Witness history in your footsteps- Pei-Yu, 2024, ID
For the past two weeks, alongside continuing to make the website and mapping the historical event, I have been interviewing people who have previously worked with the organization with walking tours about the massacre. Due to geographical constraints and timing, some were online, and some were in-person.
The purpose behind these interviews was to gain an insight into how these researchers and tour guides organize and develop the route. In addition, I want to hear their thoughts on this issue. They are the medium for us to look into the past.
I was fortunate to participate in the walking tours for some of the lecturers I’m interviewing. Learning history by foot was a different experience than in the books. This experience inspired me to create this project where I interviewed these tour guides. At first, they were hesitant about why I would be interested in their story. They have always been the ones telling others people’s stories. I explained that I feel the stories being passed down might encounter alteration due to the people telling the story. I want to know their thoughts and why they are passionate about the issue. Their story is very much part of the narrative of historical memorization than the stories of victims or their descendants.
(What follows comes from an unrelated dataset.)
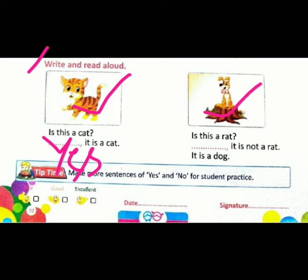Next. Is this a rat? Kia yeh rat hai? Children, kya yeh rat hai? No. Nahi. No, it is not a rat. It is a dog. Agar aapko nahi bolna hai toh aap kya use karenge? No. It is not a rat. It is a dog. Okay, children.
Walking tours, I believe, are very much a process of mapping. And active mapping where visitors and audience are forced to be in the landscape while imagining the past. While these routes are carefully designed considering time, geographical constraints, and storytelling, every tour is unique due to the people participating, the weather, and other unforeseeable circumstances. It is a device to the past through the people telling the story. It is also a pathway of the present.
The main thing I have taken away from these interviews is that knowing the history of the massacre is only part of these walking tours. The core purpose is to learn the city’s history. In the process of knowing where you are from, telling the story of the massacre is inevitable. Due to the nature of this historical event, the accounts of the massacre are embedded in the bricks of architecture, roads, and waterways.
For example, in one city, Tam Sui, the tour guide I interviewed, said that she didn’t care about this part of the history until her late 40s (she is now in her 60s). When she was little, she would hear from the elders that the Tam Sui River was once dyed red with blood. Ports were places one should not go, for many spirits resided there in the past. She didn’t believe what the elders said. “How is it possible that the whole river was dyed of blood? That is impossible!” It was not until she started reading more about the city’s history that she connected what her elders told her and what was documented. The port, they said, was a place where all those captured in the name of treason were excuted. Hundreds were killed, thrown into the river, reding the river with terror.
Emotionally, it was hard to process all these stories. Older generations I’ve interviewed were much more emotional and passionate about the issue. They were closer to this part of history. All of them heard stories from elders, and the terror of knowing became a passion for sharing. When I asked why it is essential to learn about the massacre and continue advocating on this issue, they said it was for the truth to be seen.
“When I was talking to the descendants of victims, they don’t want the compensation or reparation. They just want to know why. “Why was my father taken one night and never came back? “
In a text chain I had with the historian, he said,
“We must not give up the pursuit of the truth in history. The connection and emotions through the process are personal, humanitarian, and societal.”
“This is very true. Thank you so much for what you are doing. 228 is about the history of the land, but it is also the scar and pain of the land.”張文義 (Writer of Kavalan 228, oral history historian of Kavalan region, tour guide of 2022 Kavalan tour)
I am very grateful that I have this opportunity to keep their story alive.
Younger generations, like me, had little understanding of this issue until we were much older (high school or university). Most of them are passionate about this issue not because of pain but because of the unjust. There is a diaspora of identity due to the change in education. We were not taught much about the massacre in our educational system, and most of us are fortunate not to be related directly to this massacre.
When asked the same question, “Why is it important that we, the younger generation, remember and learn about this part of history?”
One answered, “It’s about justice. Why is it that the descendent of one of the generals in charge of the massacre in Kaoshiung was able to be a famous architect and have something out of him? At the same time, the descendants of the victims suffer mental disorders and societal trauma?”
Another thinks that knowing the history of your city, country, and land is important because it ties to other social justice issues such as human rights, environmental, and other political issues.
It was fascinating hearing from both sides of the generation. I started with this project wanting to know the thought process of organizing walking tours and the opinions of these historians and tour guides. I ended up with a more in-depth understanding of the gap between generations and the importance of this issue. For the older generations passionate about this issue, it is a matter of survival. Talking about this puts a light on this part of the history that is vanishing.
It is to keep this story alive, for these stories die with them.
On the other hand, for the younger generation, it is a choice. It is a choice of personal growth in learning about your history. It is recommended to choose to recognize the land and care about this humanitarian issue.
“Ms. Hung, this is a very traumatizing story for me. If it were twenty years ago, I wouldn’t have accepted your interview request.”
For me, I’m touched by their love for the land. It was hard emotionally to hear such a traumatic story. Like a boulder in my heart, I often feel unbearable emotionally. Sadness is inevitable in this process.